◆ **MATERIAL PROVIDED**
------------------------------------------------------------

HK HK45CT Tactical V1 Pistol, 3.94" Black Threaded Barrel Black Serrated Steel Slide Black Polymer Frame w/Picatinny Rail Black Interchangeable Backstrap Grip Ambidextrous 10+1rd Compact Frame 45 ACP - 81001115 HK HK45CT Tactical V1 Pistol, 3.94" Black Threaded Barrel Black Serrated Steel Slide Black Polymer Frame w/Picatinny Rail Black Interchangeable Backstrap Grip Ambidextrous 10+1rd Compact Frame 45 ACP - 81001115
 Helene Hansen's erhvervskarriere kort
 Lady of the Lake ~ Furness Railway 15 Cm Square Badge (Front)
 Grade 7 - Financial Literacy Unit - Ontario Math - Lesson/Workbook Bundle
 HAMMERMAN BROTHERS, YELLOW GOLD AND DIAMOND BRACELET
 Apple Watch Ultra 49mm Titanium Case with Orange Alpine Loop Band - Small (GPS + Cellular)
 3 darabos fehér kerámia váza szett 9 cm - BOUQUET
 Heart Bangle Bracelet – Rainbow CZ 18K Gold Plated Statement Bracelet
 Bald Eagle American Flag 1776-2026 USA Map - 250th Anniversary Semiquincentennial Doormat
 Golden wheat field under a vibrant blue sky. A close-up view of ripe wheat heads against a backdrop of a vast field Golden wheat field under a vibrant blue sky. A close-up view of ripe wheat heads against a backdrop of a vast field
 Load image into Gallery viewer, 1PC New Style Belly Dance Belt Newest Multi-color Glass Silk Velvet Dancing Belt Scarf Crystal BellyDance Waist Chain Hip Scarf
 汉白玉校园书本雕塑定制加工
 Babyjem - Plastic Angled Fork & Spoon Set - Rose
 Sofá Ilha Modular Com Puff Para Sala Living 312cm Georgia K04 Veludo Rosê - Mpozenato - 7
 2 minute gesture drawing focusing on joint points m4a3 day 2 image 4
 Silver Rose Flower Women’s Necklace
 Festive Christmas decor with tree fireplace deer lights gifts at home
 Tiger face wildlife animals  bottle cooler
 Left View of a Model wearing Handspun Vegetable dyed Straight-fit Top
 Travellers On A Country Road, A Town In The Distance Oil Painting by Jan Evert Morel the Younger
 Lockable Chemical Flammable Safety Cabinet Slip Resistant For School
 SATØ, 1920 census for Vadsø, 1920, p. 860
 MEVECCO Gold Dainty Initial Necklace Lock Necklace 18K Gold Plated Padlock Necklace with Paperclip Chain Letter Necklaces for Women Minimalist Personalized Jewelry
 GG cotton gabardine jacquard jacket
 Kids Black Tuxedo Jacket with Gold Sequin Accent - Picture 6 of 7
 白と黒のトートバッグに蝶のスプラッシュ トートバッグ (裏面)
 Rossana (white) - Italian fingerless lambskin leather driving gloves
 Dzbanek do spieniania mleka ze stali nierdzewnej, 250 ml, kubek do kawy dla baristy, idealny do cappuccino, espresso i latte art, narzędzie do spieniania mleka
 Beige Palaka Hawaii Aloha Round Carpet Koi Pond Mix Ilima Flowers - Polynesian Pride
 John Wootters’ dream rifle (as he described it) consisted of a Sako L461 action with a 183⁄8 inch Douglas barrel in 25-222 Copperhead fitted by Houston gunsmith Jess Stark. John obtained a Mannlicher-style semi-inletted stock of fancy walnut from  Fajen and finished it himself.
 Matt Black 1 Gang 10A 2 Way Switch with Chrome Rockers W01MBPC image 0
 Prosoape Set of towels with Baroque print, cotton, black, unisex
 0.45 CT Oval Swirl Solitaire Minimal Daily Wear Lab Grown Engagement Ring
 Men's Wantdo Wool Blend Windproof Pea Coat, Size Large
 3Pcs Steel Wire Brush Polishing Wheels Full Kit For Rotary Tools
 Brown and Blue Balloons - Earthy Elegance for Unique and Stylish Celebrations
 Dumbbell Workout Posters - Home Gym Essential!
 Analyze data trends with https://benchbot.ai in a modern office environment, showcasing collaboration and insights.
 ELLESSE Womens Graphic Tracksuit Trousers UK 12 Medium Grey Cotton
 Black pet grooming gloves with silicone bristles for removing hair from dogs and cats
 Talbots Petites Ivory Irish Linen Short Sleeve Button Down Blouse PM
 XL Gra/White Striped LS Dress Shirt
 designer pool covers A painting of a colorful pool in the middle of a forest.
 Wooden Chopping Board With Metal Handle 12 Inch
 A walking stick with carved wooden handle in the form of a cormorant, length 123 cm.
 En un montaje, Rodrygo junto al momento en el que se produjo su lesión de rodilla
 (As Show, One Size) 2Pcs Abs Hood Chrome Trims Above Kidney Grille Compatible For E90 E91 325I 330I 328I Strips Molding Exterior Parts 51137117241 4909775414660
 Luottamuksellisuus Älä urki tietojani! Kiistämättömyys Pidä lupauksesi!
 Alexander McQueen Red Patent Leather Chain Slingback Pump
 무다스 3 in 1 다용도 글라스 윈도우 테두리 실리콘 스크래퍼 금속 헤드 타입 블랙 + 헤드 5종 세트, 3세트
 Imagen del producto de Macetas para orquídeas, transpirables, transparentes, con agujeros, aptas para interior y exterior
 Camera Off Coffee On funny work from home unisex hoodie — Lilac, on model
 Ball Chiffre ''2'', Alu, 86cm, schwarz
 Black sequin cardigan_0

------------------------------------------------------------

◆ **AIM OF THE TASK**
Pick out each line in the material containing "from".

◆ **RESULT FOR THIS EXERCISE**
 John Wootters’ dream rifle (as he described it) consisted of a Sako L461 action with a 183⁄8 inch Douglas barrel in 25-222 Copperhead fitted by Houston gunsmith Jess Stark. John obtained a Mannlicher-style semi-inletted stock of fancy walnut from  Fajen and finished it himself.
 Black pet grooming gloves with silicone bristles for removing hair from dogs and cats
 Camera Off Coffee On funny work from home unisex hoodie — Lilac, on model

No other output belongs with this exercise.